Kathy Fech, the archdiocese’s sacred worship coordinator, credits the National Eucharistic Revival, which began in 2022 and continues through 2025. Last year, the revival included the cross-country National Eucharistic Pilgrimage and the National Eucharistic Congress in Indianapolis.

“I think we would be silly to discard the working of the Holy Spirit through the efforts of the Eucharistic Revival,” Fech told OSV News. “I’m not saying that the National Eucharistic Revival is a sole factor, but I think the fact that we as Catholics have been very intentional in the last two years about bringing our Lord in the Eucharist — and bringing our faith literally to the streets across the country — definitely could be a huge part of this outpouring of the Holy Spirit that we’re seeing across the country, and how that’s impacting our numbers in regards to OCIA, sacramental prep and other things like that.”

Fech also emphasized community.

“You’ve got people — in this post-pandemic world, especially — who are starving for relationship,” she said. “And what does the church say?

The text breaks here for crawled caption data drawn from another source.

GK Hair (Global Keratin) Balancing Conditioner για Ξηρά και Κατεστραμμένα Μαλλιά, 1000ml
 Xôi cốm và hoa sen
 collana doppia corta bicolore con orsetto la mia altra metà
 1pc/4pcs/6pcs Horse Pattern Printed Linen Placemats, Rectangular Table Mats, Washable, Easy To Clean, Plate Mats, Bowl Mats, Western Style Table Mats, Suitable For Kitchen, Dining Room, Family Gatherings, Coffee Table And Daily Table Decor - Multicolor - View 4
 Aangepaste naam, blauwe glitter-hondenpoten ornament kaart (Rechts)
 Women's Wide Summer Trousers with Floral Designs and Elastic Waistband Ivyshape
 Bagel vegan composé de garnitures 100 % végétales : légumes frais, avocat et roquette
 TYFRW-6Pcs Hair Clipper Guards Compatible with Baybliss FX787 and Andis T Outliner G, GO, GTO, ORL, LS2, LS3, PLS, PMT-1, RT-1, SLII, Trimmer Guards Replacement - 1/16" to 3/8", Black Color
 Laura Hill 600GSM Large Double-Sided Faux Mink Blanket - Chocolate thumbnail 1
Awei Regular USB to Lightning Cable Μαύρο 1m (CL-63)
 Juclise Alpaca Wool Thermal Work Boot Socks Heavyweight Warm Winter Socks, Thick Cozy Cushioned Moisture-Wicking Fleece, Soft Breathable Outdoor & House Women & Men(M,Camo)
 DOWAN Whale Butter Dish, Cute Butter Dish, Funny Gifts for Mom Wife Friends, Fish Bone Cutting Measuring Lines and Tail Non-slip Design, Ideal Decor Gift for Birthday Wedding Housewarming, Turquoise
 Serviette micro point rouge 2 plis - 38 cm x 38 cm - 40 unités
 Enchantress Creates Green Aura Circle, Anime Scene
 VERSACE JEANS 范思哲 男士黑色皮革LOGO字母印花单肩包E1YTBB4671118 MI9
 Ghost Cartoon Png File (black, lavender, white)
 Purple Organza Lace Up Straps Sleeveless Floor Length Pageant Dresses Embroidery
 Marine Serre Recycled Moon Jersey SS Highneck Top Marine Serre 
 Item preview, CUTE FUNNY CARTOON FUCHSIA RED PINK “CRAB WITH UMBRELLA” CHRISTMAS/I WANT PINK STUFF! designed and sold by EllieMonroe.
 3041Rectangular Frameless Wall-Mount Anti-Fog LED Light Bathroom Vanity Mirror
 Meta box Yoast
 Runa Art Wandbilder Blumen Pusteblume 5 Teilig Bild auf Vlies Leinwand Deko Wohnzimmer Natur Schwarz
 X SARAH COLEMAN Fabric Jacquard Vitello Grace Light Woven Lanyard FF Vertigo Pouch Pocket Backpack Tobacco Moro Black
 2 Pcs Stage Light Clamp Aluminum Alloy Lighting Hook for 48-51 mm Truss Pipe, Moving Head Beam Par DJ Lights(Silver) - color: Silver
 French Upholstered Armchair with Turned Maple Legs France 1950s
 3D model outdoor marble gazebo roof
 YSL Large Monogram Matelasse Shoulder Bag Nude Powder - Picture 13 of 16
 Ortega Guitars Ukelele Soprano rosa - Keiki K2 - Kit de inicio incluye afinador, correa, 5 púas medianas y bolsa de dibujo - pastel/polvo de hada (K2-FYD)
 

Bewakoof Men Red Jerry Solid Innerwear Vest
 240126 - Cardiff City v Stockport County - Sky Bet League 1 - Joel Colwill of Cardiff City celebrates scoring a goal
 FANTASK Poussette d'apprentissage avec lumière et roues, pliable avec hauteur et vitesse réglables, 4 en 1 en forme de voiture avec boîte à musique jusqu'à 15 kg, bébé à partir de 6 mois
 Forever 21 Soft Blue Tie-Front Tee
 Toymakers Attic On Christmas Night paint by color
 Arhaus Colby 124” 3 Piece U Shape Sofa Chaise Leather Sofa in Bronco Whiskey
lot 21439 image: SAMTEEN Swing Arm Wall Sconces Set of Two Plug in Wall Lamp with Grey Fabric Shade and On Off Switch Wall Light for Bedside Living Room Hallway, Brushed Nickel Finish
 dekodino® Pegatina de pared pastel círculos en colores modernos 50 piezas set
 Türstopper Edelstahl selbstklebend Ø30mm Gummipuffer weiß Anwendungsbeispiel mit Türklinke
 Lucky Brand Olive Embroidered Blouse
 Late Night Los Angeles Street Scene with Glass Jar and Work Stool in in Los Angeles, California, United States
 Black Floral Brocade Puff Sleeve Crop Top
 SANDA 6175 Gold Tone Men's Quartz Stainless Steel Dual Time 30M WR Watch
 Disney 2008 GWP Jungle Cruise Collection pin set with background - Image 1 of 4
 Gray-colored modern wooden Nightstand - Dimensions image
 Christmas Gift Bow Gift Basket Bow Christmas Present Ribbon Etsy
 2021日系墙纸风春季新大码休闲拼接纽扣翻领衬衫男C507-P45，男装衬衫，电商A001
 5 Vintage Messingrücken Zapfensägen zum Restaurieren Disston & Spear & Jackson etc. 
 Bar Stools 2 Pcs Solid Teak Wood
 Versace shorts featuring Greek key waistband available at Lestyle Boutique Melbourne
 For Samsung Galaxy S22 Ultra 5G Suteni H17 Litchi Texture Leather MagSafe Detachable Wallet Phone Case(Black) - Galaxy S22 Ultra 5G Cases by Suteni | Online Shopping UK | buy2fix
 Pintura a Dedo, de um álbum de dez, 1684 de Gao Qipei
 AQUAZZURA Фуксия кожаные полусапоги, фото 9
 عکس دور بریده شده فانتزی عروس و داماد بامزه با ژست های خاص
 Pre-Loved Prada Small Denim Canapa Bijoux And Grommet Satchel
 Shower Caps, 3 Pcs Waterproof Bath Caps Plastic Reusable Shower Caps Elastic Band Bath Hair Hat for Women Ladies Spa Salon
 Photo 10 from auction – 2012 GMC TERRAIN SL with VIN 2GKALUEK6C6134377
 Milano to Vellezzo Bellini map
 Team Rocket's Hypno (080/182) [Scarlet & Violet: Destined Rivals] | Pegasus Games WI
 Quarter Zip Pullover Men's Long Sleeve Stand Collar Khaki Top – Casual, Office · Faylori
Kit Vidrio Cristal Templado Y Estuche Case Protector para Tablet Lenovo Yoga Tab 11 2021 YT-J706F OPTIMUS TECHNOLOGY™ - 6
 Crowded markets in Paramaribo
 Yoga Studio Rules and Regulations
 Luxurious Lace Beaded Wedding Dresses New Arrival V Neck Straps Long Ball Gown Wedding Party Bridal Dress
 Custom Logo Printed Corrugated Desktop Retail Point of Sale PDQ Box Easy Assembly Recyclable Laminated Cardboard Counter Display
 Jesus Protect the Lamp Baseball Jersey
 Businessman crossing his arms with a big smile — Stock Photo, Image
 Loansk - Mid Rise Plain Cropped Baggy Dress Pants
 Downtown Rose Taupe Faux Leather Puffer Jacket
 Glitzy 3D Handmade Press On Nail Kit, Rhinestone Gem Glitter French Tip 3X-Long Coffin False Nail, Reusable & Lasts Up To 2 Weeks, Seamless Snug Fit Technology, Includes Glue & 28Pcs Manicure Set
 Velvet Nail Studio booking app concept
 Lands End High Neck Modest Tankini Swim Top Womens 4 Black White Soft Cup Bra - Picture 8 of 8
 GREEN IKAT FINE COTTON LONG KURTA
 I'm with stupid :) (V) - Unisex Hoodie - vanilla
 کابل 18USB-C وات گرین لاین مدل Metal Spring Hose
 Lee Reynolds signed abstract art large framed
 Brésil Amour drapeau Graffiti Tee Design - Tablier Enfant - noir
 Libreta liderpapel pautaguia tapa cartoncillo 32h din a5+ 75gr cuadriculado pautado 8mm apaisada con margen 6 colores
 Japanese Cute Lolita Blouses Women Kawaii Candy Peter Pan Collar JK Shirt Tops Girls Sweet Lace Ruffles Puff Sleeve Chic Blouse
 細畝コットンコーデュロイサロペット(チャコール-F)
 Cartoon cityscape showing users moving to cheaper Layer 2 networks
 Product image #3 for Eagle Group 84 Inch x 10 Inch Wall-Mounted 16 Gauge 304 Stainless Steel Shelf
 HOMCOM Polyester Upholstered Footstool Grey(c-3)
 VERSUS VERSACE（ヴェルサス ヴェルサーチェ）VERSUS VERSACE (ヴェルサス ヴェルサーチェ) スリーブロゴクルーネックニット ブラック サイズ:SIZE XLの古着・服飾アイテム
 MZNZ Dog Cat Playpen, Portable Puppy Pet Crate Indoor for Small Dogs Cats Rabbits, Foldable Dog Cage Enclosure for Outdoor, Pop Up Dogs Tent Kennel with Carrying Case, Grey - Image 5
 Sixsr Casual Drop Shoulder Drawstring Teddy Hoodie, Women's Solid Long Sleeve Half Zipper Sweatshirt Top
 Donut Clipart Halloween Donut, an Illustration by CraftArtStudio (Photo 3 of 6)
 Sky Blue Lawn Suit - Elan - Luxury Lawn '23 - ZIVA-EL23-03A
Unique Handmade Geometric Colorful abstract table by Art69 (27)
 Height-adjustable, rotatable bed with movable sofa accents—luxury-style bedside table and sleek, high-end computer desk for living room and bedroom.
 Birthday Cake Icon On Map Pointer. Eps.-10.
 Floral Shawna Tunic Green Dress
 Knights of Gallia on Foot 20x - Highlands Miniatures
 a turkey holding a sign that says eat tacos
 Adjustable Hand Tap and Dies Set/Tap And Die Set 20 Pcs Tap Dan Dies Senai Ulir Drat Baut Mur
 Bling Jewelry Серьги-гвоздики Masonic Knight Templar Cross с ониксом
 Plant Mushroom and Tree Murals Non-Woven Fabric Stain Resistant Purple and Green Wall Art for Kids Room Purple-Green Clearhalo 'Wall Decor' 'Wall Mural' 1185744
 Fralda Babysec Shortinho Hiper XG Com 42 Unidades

We say, come to us in person; let us bring you two things. Let us bring you, yes, a vibrant parish community that meets your spiritual needs. We hope that all parishes are doing that. But first and foremost, let us offer you a personal relationship with Jesus Christ, through the Eucharist.”

And the church, Fech said, offers continuity.

“I think particularly young people, they are trying to find truth. They’re trying to find beauty, but also trying to find stability,” she said. “They live in a world where the political culture is so tenuous, where society is so tenuous. … And they’re saying, ‘I need something true. I need something stable.'”

Sherry Weddell, co-founder and executive director of the Catherine of Siena Institute in Colorado Springs, Col., cautioned observers from drawing quick conclusions.

“Our rule around the institute is, never accept a label in place of a story,” advised Weddell, the author of several books including “Fruitful Discipleship: Living the Mission of Jesus in the Church and the World.” “So I think if we had a chance to listen to these people and really hear their journeys, I think we’d see there’s a startling combination of things. And it varies from person to person, of course.”

Wedell stressed, however, that intercessory prayer can spark conversion and widespread renewal.

“Stuff like this always happens because God is bestowing, is calling people from their responding,” she said. “We know the graces are always available to people at all times, but literally there are times in the church’s life when the graces that are apparently being bestowed — being poured out — are greater, and more people are responding. That’s another characteristic pattern of awakenings. And so I think that’s part of what’s going on.”

At the University of Notre Dame in Indiana, the largest group of new Catholics there in at least a quarter of a century — 125 — will receive the sacraments at Easter.

Brett Perkins, assistant director for evangelization and religious education in the Office of Campus Ministry, said he has witnessed a discernible purpose this year.

“Fewer of them are sensing that they were doing this out of obligation — that they ‘need’ to get confirmed — but rather more out of an intentional decision to follow after Jesus, and a desire to be a part of the body of Christ in the church,” he said. “They’re letting that change their worldview.”

A March 2025 Pew Research Center study found that in many countries around the world, a fifth or more of all adults have left the religious group in which they were raised.

Still, Perkins is optimistic that the roots he has helped to tend are deep — and may be part of a larger revival.

“I don’t think anybody’s looking for another box to check or another club to be a part of. If that’s all your faith is going to be, then why bother,” he said. “But for folks who are desiring and who see that void and notice that void inside and are looking for its fulfillment, come and see, right? Come and see. Because the Catholic Church is here for you — we always have been, and we always will be.”